Zezé Perrella, presidente do Cruzeiro em 2002, ao lado de Ademar Magon, diretor financeiro da Hicks Muse no Brasil. Em entrevista, eles explicaram a venda do lateral-esquerdo Sorín à Lazio, da Itália (Foto: Maria Tereza Correia/Estado de Minas - 18/03/2002)


O Cruzeiro já teve uma espécie de SAF entre 1999 e 2002, quando firmou parceria com o fundo americano Hicks Muse Tate & Furst, que também investiu no Corinthians. O ex-presidente Alvimar de Oliveira Costa, à época vice de seu irmão, Zezé Perrella, relembrou a negociação. Segundo ele, foi criada uma empresa chamada Cruzeiro Licenciamento, com 51% das ações do clube e 49% da HMTF.

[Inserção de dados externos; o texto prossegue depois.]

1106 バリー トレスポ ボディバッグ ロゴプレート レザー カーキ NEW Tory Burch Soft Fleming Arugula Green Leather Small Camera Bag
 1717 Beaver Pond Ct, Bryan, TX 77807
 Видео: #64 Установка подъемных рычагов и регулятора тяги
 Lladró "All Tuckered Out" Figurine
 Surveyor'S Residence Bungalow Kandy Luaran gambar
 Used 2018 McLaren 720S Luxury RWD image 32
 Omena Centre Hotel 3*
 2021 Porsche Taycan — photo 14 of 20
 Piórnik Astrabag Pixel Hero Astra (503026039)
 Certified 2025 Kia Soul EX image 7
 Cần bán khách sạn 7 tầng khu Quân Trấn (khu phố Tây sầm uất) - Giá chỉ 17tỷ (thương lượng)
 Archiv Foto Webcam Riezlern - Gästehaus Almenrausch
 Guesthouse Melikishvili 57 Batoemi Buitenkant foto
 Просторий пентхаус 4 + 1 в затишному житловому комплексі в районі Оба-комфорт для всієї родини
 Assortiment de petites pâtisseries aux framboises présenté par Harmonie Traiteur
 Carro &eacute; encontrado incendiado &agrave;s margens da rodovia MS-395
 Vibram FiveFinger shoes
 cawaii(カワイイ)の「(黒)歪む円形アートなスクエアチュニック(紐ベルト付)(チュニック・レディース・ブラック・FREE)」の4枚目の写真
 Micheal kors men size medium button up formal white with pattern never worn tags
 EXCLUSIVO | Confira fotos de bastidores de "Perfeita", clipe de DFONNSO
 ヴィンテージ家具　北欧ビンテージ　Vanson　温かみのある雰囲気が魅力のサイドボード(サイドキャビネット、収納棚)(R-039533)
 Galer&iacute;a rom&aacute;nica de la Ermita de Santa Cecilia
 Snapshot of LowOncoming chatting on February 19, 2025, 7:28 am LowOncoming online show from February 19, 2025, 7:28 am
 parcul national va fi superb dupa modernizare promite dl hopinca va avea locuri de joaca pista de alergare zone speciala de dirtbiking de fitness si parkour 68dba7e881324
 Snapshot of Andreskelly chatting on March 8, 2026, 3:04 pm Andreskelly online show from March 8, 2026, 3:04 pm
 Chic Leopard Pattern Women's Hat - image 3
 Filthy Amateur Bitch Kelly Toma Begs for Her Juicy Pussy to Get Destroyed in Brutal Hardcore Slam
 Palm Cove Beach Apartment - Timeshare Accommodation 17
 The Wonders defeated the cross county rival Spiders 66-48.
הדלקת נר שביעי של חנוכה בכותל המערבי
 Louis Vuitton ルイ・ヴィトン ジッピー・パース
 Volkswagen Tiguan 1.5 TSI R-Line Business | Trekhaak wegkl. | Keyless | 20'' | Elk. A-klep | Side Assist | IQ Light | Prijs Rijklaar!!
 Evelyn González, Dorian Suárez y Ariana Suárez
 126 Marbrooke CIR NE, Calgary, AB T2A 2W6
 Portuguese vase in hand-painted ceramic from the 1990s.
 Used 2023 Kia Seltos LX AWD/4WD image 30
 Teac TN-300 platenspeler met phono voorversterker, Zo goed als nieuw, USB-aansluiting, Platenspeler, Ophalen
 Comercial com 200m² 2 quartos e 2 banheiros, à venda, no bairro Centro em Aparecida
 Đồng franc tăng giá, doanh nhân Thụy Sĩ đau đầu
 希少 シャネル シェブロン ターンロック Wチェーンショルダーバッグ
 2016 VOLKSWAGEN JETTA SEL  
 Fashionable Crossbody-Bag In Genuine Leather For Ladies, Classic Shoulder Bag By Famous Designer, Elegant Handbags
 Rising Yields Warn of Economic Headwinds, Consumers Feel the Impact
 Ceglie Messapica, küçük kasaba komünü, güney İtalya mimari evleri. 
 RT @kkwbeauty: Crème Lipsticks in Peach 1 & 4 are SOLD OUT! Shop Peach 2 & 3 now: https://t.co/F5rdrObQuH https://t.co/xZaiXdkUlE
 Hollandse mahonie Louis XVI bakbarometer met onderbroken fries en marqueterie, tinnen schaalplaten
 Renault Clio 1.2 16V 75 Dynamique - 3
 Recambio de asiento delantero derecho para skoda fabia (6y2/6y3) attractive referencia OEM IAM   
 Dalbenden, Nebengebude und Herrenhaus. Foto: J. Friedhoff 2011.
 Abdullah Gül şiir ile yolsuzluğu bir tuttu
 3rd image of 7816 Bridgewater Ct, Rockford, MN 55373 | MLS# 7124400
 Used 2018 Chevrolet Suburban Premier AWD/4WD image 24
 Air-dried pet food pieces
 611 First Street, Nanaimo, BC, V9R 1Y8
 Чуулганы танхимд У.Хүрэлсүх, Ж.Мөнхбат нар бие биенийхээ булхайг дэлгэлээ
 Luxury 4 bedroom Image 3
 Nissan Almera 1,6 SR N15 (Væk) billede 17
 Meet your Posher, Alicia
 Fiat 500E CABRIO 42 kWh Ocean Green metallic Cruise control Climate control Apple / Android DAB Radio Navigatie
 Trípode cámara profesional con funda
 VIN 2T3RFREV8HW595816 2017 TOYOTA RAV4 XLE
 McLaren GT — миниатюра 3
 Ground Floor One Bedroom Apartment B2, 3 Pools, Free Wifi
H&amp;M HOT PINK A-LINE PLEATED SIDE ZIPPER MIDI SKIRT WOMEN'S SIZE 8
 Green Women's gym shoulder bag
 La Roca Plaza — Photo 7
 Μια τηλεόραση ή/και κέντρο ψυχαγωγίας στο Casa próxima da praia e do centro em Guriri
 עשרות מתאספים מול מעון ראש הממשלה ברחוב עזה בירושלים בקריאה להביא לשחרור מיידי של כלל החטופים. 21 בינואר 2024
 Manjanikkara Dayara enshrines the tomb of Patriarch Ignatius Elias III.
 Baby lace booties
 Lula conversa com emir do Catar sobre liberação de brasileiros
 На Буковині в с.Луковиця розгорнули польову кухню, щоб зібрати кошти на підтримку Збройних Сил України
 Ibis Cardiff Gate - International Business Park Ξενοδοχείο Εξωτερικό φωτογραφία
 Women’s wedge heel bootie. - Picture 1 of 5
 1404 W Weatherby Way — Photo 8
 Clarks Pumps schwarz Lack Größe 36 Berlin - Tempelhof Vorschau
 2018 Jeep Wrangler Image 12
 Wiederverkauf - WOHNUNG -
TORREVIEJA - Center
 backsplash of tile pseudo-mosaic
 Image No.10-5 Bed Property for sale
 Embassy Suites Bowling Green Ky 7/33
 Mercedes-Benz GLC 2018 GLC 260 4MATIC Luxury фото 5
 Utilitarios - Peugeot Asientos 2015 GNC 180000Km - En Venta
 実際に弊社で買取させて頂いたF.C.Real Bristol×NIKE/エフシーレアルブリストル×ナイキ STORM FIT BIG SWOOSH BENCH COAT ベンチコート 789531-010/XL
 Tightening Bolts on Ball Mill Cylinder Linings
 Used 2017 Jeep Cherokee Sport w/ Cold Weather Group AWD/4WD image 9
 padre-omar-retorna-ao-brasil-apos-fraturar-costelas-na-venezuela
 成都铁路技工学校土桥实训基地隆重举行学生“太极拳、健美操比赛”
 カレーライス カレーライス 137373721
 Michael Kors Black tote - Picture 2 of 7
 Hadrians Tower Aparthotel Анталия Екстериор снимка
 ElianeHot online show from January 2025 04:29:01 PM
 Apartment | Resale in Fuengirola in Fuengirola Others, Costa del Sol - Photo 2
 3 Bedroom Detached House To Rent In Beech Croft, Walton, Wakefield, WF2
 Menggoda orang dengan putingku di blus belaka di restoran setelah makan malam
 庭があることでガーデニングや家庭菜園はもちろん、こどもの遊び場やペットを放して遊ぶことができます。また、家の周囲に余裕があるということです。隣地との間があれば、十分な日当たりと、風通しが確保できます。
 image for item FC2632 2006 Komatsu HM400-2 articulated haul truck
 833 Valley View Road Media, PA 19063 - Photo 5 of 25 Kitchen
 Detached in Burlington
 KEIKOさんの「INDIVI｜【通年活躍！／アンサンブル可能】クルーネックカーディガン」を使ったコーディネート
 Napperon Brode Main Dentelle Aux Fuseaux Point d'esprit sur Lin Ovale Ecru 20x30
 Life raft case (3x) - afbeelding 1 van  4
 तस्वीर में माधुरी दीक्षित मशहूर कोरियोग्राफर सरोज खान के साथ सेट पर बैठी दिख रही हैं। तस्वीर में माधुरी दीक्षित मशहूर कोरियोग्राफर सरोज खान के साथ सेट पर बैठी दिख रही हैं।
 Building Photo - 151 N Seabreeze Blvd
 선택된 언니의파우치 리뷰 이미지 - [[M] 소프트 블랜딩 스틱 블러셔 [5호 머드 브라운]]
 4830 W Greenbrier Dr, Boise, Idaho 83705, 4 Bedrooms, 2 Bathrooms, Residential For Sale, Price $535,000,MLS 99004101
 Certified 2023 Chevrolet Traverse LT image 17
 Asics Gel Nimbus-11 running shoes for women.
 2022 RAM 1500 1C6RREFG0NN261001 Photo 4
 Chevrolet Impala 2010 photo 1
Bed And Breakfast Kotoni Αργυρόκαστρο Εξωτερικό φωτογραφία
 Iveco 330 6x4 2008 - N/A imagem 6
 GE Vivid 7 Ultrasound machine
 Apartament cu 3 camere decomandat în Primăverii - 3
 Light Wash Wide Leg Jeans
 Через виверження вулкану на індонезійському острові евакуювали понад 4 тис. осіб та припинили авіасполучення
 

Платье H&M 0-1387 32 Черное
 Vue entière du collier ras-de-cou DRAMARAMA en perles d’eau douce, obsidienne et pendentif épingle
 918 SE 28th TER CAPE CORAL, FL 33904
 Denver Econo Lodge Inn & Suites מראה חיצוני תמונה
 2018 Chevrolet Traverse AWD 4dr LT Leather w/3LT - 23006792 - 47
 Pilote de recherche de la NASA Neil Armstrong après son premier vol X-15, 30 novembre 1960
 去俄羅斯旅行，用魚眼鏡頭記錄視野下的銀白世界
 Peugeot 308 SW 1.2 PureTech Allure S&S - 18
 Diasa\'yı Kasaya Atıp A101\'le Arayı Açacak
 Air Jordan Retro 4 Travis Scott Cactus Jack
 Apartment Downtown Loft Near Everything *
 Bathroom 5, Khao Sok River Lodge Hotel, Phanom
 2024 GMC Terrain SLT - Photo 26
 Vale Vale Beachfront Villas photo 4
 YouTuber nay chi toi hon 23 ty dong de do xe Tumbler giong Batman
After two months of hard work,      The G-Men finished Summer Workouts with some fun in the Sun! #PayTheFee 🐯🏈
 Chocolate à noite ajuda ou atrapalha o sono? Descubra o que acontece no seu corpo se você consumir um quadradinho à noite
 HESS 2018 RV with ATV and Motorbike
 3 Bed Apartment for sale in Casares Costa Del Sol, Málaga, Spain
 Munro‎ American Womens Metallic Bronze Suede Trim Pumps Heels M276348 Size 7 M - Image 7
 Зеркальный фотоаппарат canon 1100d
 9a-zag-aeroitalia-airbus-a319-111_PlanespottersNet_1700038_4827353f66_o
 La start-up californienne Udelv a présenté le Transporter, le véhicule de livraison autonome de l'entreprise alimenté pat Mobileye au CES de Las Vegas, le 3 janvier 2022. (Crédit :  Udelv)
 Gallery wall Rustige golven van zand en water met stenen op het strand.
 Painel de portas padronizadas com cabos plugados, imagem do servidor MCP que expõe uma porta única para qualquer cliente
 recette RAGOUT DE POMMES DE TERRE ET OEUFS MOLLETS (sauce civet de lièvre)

“Tivemos exemplo no Cruzeiro em 2000. O Cruzeiro teve parceria com a Hicks Muse. Não sei se o torcedor ainda se recorda, mas esse mesmo investidor investiu no Corinthians. Outro investidor, o ISL (International Sport and Leisure), da Suíça, investiu no Grêmio e no Flamengo. Mas o controle ainda era do clube, 51%. Foi criada a Cruzeiro Licenciamento”, disse Alvimar, ao avaliar os efeitos da mudança estatutária que permite ao Cruzeiro vender até 90% de suas ações na SAF.

Dazn


O contrato do Cruzeiro com a Hicks Muse foi assinado em outubro de 1999 e entrou em vigor em 1º de janeiro de 2000. O fundo repassou R$20 milhões como adiantamento para que o clube mineiro fizesse contratações. Entre os nomes anunciados, destaque para o lateral-esquerdo Sorín, ex-River Plate, da Argentina (US$5,08 milhões), e o atacante Oséas (US$3,6 milhões), ex-Palmeiras. A Raposa ainda buscou os laterais Rodrigo e Zé Maria e os meias Jackson e Viveros. À época, o dólar era cotado a R$1,80.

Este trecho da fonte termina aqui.